Accordingly, a need arose to design a whole new humidifier (hereinafter referred to as “humidification apparatus”) for being used in a humidor so that, when a User places the cigars, cigarettes, pipe tobacco, tobacco or other goods within an enclosure of the humidor, the configurations and mechanism of the humidification apparatus not only will effectively improve the humidity introduction rate thereof, but also will avoid the User from getting involved in the maintenance of the humidity inside the enclosure of the humidor, as well as effectively reducing the amount of moving parts of the apparatus to zero, and in turn effectively reducing the amount of parts required in manufacturing, assembling, and using the apparatus, thereby allowing the apparatus to be in a preferred smaller package capable of being conveniently placed in almost any size humidor and continuously maintain the relative humidity inside the said enclosure to a desirable level.
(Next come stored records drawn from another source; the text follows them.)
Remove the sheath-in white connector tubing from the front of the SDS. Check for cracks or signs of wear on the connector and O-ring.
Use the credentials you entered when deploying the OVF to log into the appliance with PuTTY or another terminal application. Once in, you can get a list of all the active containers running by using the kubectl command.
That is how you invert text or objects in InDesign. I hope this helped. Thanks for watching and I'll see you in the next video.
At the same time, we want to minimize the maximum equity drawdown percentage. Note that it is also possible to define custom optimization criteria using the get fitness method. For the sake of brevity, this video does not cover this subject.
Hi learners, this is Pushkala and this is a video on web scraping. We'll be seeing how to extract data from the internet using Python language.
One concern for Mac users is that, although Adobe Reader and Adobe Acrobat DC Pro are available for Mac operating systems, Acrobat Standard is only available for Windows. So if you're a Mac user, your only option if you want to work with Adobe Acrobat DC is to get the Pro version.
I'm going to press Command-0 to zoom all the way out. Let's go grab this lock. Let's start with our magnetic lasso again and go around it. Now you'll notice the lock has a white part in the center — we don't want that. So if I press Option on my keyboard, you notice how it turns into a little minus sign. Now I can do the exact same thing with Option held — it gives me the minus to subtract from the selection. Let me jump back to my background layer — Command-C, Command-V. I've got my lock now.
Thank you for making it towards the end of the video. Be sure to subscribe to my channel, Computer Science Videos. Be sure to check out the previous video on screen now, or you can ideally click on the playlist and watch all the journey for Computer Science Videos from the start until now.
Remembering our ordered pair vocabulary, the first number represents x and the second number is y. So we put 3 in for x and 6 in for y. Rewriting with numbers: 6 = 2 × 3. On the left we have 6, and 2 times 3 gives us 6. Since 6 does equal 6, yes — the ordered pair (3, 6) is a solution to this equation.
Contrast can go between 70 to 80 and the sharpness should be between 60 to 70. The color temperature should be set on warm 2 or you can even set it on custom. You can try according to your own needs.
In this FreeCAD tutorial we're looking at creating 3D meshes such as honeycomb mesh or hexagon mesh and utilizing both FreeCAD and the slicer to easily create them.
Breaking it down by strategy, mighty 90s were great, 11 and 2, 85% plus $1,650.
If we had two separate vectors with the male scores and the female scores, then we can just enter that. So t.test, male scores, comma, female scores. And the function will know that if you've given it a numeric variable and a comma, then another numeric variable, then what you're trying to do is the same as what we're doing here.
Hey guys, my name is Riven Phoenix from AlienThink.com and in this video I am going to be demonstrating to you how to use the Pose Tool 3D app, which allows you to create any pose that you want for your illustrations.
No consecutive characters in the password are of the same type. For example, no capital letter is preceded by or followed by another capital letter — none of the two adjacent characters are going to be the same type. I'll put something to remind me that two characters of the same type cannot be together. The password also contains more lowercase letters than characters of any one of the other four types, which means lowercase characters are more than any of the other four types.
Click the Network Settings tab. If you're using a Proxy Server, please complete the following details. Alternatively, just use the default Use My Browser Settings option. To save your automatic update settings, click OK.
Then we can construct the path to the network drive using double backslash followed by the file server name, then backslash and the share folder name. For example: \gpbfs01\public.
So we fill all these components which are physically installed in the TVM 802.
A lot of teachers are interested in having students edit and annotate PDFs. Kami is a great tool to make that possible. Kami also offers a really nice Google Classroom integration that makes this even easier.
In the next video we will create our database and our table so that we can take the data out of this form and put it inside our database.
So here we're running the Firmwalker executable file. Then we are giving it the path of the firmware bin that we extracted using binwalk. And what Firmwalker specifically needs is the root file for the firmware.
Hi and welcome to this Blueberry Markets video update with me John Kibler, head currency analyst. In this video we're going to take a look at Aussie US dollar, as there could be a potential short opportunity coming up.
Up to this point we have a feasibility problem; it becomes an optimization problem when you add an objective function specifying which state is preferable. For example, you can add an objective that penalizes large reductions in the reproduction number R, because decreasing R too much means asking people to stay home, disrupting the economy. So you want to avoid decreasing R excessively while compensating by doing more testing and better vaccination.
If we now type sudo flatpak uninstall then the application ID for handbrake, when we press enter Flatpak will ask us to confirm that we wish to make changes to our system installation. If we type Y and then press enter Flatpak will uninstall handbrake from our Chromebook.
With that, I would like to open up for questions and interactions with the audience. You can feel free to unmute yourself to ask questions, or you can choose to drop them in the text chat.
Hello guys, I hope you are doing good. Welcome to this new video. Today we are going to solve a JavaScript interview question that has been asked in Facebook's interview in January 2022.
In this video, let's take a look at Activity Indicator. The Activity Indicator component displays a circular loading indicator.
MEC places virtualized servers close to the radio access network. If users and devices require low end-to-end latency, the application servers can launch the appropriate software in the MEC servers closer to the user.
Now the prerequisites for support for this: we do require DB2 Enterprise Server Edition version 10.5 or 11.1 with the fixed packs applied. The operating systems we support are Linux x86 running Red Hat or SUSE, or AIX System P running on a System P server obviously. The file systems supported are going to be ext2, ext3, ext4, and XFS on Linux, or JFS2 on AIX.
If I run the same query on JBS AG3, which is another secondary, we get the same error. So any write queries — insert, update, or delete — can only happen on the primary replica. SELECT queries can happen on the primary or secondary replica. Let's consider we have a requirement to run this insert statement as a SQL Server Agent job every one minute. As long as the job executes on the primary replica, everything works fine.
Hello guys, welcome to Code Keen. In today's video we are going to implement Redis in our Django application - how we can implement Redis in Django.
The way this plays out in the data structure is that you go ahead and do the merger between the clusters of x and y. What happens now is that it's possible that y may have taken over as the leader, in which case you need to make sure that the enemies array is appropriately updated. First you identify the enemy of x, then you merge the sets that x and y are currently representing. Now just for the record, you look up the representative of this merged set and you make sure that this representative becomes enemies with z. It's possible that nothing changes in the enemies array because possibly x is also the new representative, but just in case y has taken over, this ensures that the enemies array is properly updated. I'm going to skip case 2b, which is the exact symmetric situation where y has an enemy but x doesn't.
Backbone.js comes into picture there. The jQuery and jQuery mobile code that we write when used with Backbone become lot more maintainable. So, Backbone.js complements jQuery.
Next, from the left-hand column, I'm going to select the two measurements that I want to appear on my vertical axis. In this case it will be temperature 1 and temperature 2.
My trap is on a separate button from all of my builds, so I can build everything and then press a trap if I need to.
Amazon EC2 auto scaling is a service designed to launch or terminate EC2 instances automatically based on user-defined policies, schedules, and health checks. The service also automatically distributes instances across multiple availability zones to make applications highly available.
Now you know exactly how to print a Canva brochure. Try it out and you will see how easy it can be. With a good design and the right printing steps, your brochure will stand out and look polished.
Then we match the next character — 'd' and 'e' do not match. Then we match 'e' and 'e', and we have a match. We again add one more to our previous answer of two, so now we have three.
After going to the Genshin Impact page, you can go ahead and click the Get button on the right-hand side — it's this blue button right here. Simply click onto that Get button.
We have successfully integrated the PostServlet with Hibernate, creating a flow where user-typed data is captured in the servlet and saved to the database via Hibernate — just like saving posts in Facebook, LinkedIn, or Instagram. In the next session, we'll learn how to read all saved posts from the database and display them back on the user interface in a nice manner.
In view of the drawbacks of the aforesaid conventional humidifiers in terms of performance, portability, and utility, the disclosed configurations and mechanisms of the new humidification apparatus are intended to solve the aforementioned drawbacks with greater ease of use, higher accuracy, higher stability, and greater utility so as to promote and maintain humidity inside a humidor, achieving consistent and desirable humidity levels far more suitable for storing cigars, cigarettes, tobacco, or other goods than its prior art counterparts.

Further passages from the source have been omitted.